I read this book as part of the Fall Into Reading Challenge.
This book originally caught my attention because I was interested to see what the book had to say about handling parental problems. As a first year teacher, this was one of my biggest struggles last year. I guess I had always idealized being a "teacher." I wanted all of my kids and parents to like me, ya know? After all, I was responsible for their education 35 hours a week. I bust my butt and make sacrifices just so these kids will know that I love them and gain the knowledge they need to help them be successful not just in the fifth grade, but in life. I dedicated four years of my life just to learn how to do this and will probably spend the next thirty years or so doing it. Why wouldn't they like me??
It didn't take me long to realize that not every parent was going to like everything I did.
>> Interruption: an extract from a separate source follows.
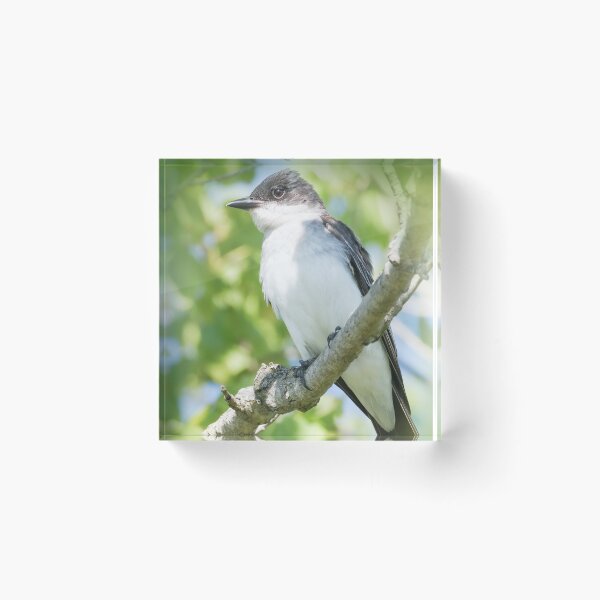 Item preview, Beautiful Eastern Kingbird designed and sold by Anita Oakley.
It even seemed that some of them didn't like anything I did. I struggled with this daily. My heart was broken. Luckily I had an entire support system, without which I would probably have been committed to an asylum:
1.) a common sensical, supportive husband
2.) fellow interns who were going through the same thing
3.) an awesome mentor teacher to give me reality checks
4.) two really amazing co-teachers to help me through each and every day
5.) a great principal and caring staff members
Even though my skin is a lot tougher this year, I am still learning how to deal with this issue. My parents are also much better this year, which helps a lot, and they all know that this is not my first year. One year of experience makes a big difference, especially to parents. I'm also realizing that of course some of them are going to watch me like a hawk. They send their babies to me everyday and have to trust that I am treating them like my own and giving them the skills they need to complete fourth grade. I would watch me like a hawk too! And I've accepted the fact that even if I have tried my best and made all of the "right" decisions based on my training and experience, there are still going to be parents who don't agree with me or who feel like I have not done enough. Oh well. As long as I know that I have done my best, I can't sweat it.
So now, back to the book -
This book was divided into four parts: Personal Fears, Student Fears, Parental Fears, and External Fears. I did gain some understanding from the Parental Fears section, but that was about it. A lot of the Personal Fears didn't apply to me and most of the stuff from the Student Fears section was pretty much common sense.
Another thing that I don't agree with is that I think some of the right kind of fear is actually healthy in a classroom. A reasonable amount of fear that I am not doing my best keeps me working hard. Students should fear consequences, or else do the consequences really work? Students should fear not learning what they will need in life, that way they will see the importance of the knowledge and pay attention and actually care to learn.
By the end of reading the book, I was just skimming for good stuff. I can see keeping it as a resource for future use, but that is about it. Don't really recommend.